Чтение онлайн

ЖАНРЫ

Шрифт:

Когда он зашел туда во второй раз, то у него уже объявились знакомые, за столиками в основном играли в карты, в скат или в шестьдесят шесть. Арон еще не забыл, как играют в шестьдесят шесть, и подсел к игрокам, здесь играли на выпивку или довольно маленькие суммы.
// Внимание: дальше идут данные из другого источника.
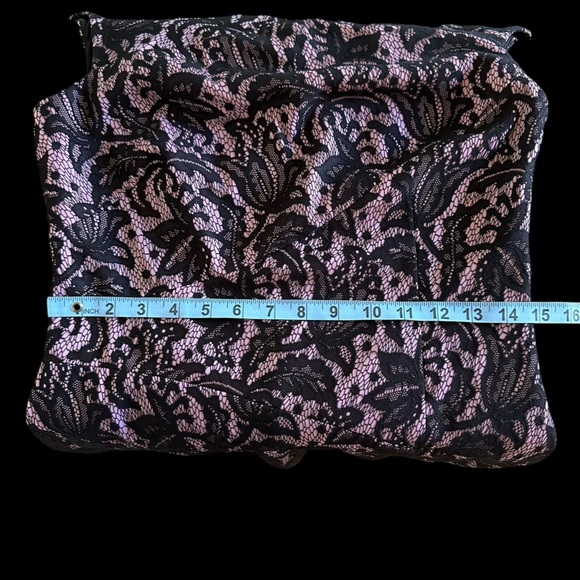 Kay Unger Womens 8 Pink Black Lace Overlay Elegant Sheath Dress Wedding Party - Picture 6 of 9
Но куда важнее, чем выигрыш и проигрыш, для него была возможность отвлечься. «Ты глядишь на часы и благодаришь судьбу за то, что прошло столько времени». Теперь часто случалось, что он возвращался домой очень поздно и в подпитии. Ирма никогда его не упрекала, она лишь говорила, что он сам должен заботиться о своем здоровье и не перегибать палку. Арон отвечал довольно грубо и просил не учить его. Он говорил ей, что пьян не

от выпивки, что, не будь этих дурацких ее занятий, ему бы и пить не пришлось. Тут она умолкала.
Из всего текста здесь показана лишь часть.